> INSTRUCTIONS FOR THE TASK:
In the listing below, locate the line with "20×10 self storage" and the line with "Borgo Corniola Naturista 마라디", then output both and everything between them exactly, minus any pictures.

> RECORD EXCERPTS:
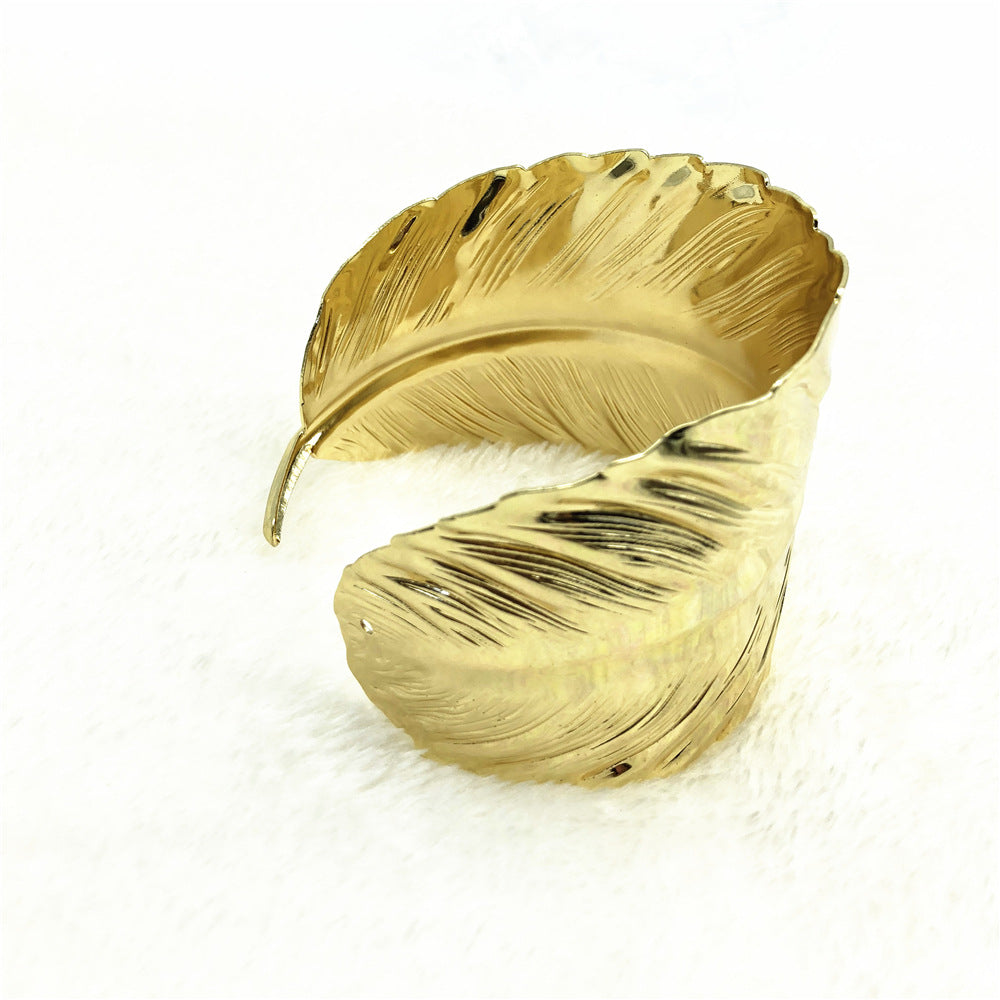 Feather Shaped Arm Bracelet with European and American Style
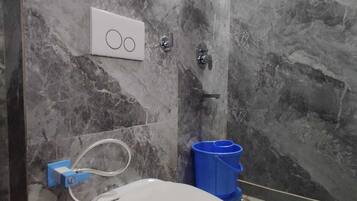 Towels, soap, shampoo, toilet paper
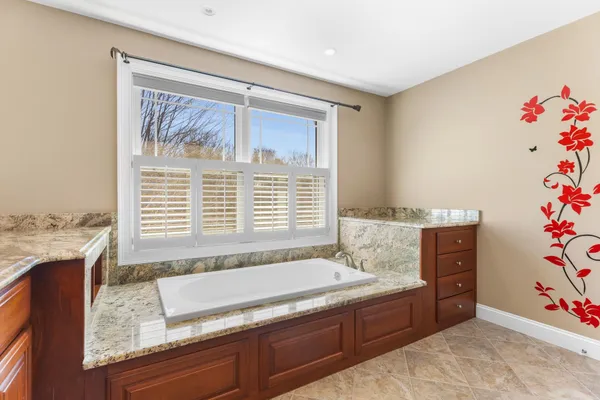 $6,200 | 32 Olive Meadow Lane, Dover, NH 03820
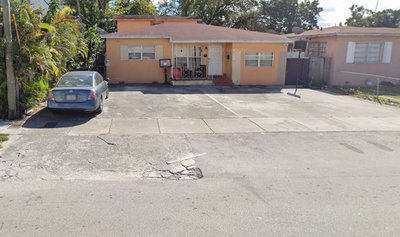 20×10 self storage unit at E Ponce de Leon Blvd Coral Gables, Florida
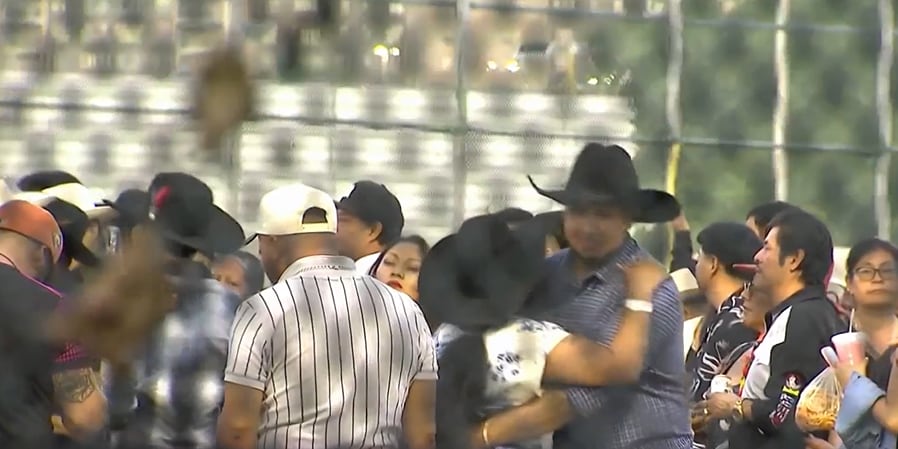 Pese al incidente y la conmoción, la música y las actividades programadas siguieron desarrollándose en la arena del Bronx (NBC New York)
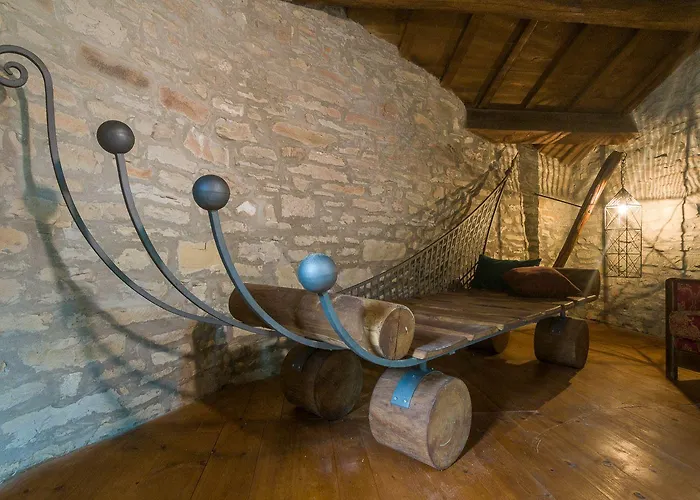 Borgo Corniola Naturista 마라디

---

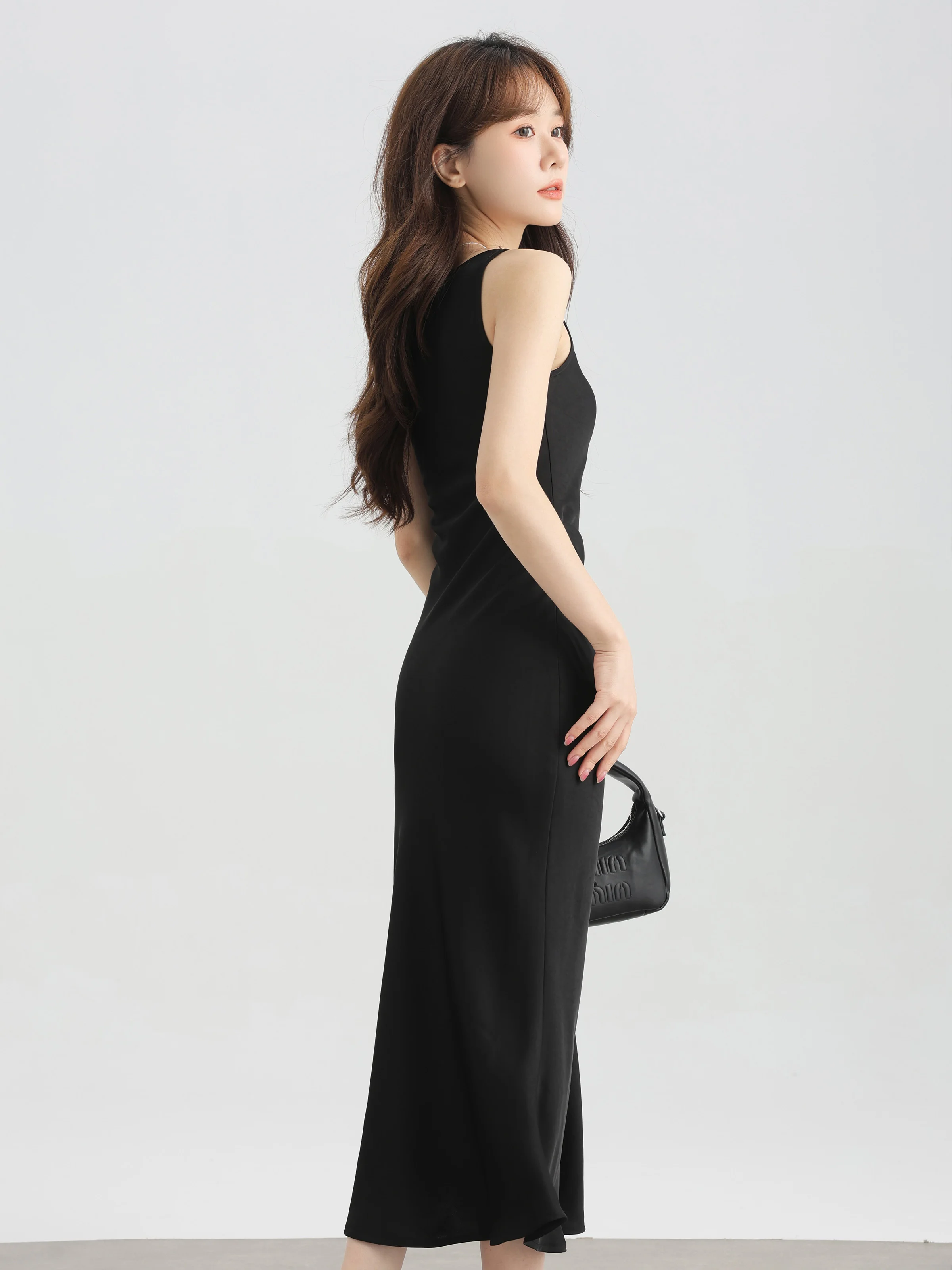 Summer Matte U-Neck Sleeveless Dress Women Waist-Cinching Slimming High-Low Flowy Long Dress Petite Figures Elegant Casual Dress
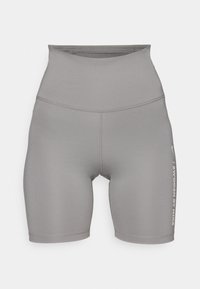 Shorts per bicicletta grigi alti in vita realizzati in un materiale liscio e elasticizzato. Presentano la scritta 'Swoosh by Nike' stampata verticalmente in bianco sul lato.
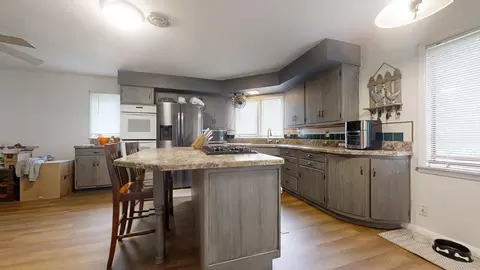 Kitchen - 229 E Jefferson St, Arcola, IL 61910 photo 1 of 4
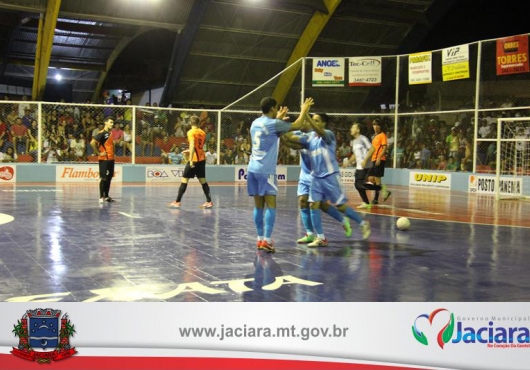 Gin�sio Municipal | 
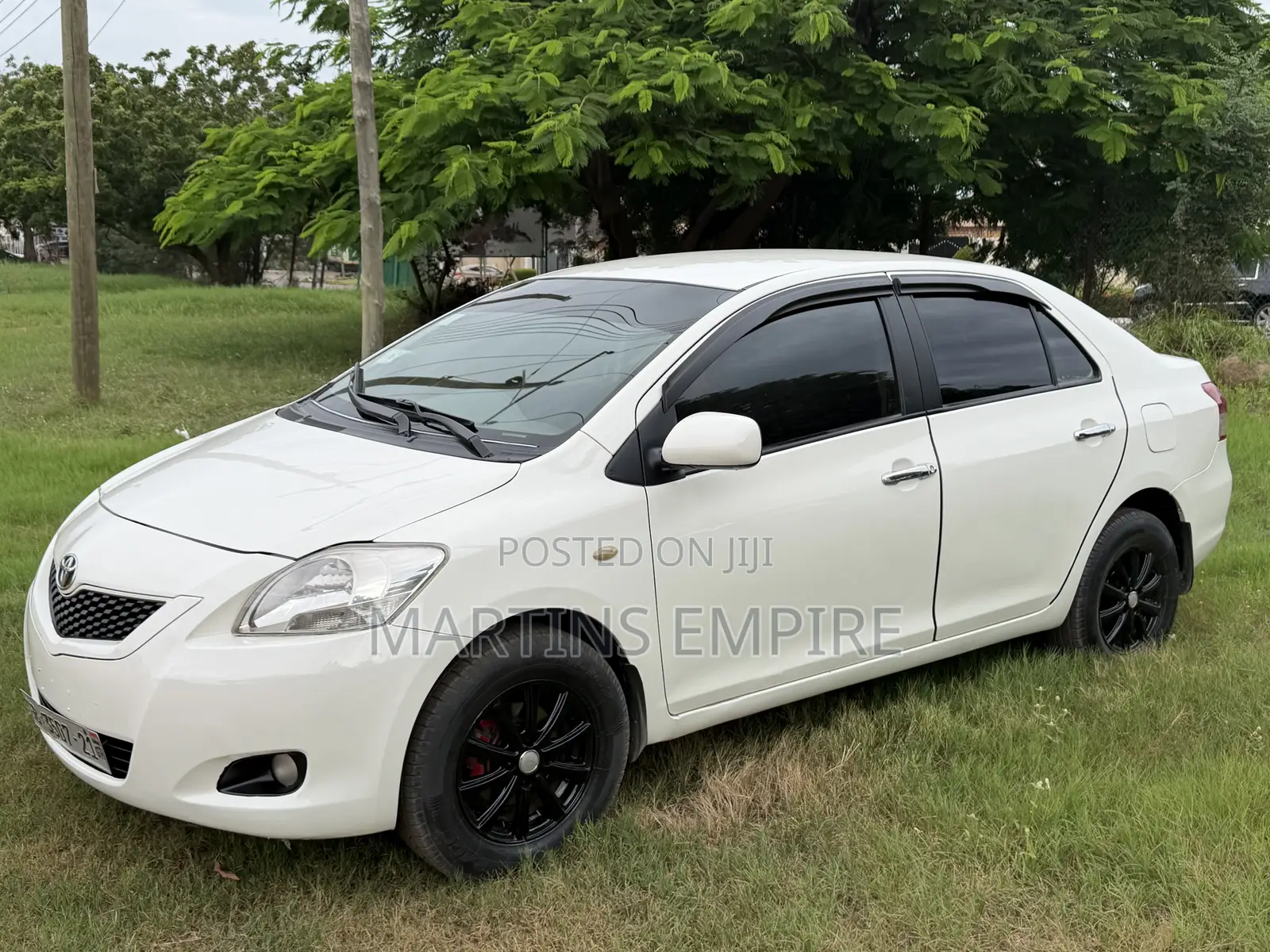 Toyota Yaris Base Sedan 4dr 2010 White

--

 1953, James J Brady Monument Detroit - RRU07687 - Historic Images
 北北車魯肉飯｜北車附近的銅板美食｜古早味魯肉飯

> RESPONSE BOX:
 20×10 self storage unit at E Ponce de Leon Blvd Coral Gables, Florida
 Pese al incidente y la conmoción, la música y las actividades programadas siguieron desarrollándose en la arena del Bronx (NBC New York)
 Borgo Corniola Naturista 마라디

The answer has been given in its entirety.